On July 1, 2009, the SEC proposed a rule to implement the “Say-on-Pay” provisions contained in the TARP executive compensation restrictions.

The proposal would add a new Exchange Act Rule 14a-20, which would require TARP recipient to provide a separate shareholder vote to approve the compensation of their executives, as disclosed under Item 402 of Regulation S-K, in their proxy solicitations for an annual meeting at which directors are to be elected.  In addition, a TARP recipient would be required to explain the general effect of the vote, such as whether the vote is non-binding.

The SEC is not dictating the specific language, form of resolution, or proxy disclosure that a TARP recipient must use to provide shareholders with a “Say-on-Pay.”  However, footnote 14 to the Proposing Release contains an important caveat:

“However, as stated in Section 111(e)(1) of the EESA, the vote must be to approve “the compensation of executives, as disclosed pursuant to the compensation disclosure rules of the Commission (which disclosure shall include the compensation discussion and analysis, the compensation tables, and any related material).” We believe that a vote to approve a proposal on a different subject matter, such as a vote to approve only compensation policies and procedures, would not satisfy the requirements of Section 111(e)(1) of the EESA or proposed Rule 14a-20.”

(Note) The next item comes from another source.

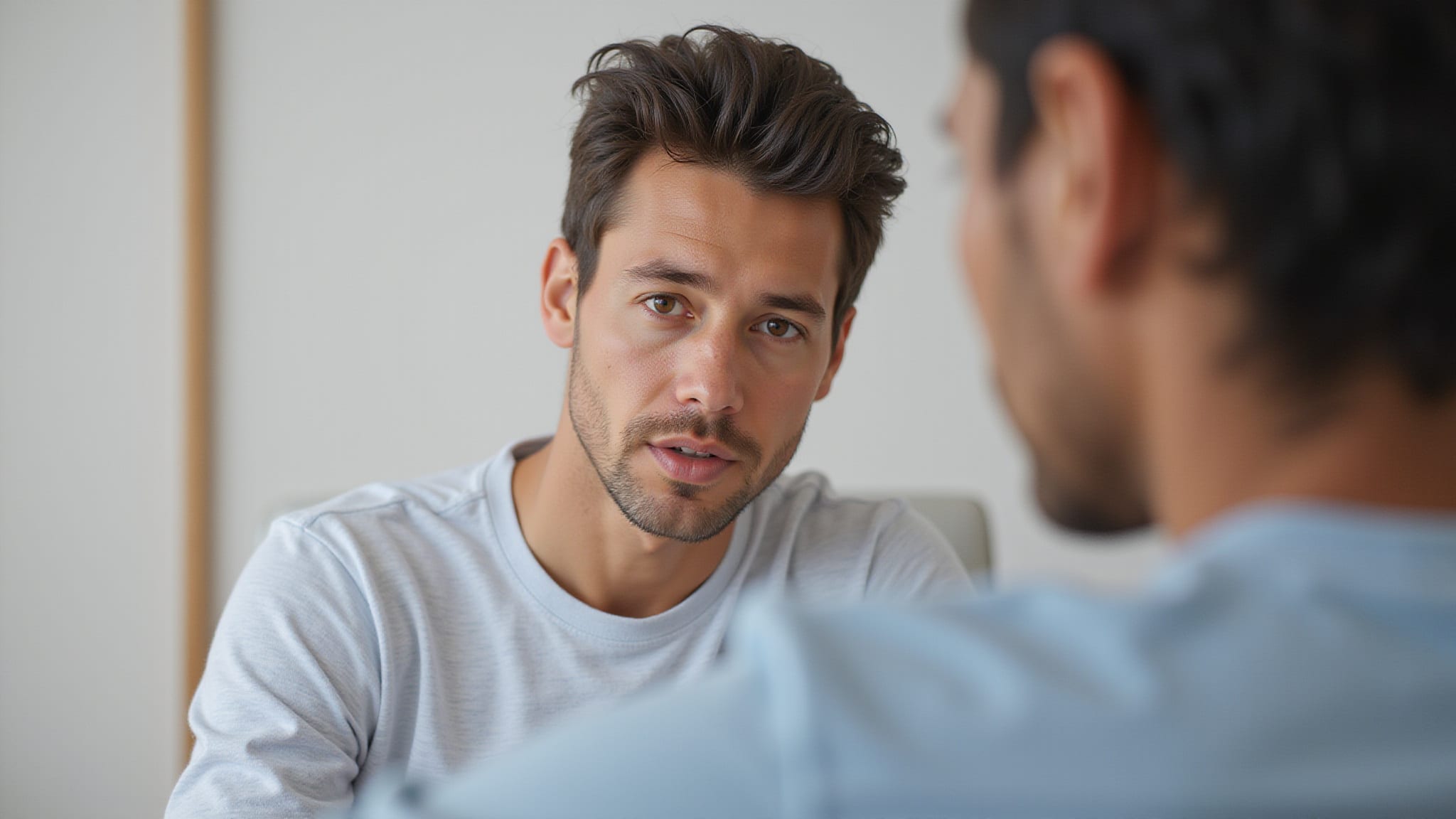 evidence based sad treatment options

The proposed rule also (i) continues to require that TARP recipients submit a preliminary proxy statement for potential SEC review; and (ii) confirms that TARP recipients that qualify as smaller reporting companies under the SEC disclosure framework may rely on the smaller reporting company disclosure requirements, and are therefore not required to provide a Compensation Discussion & Analysis.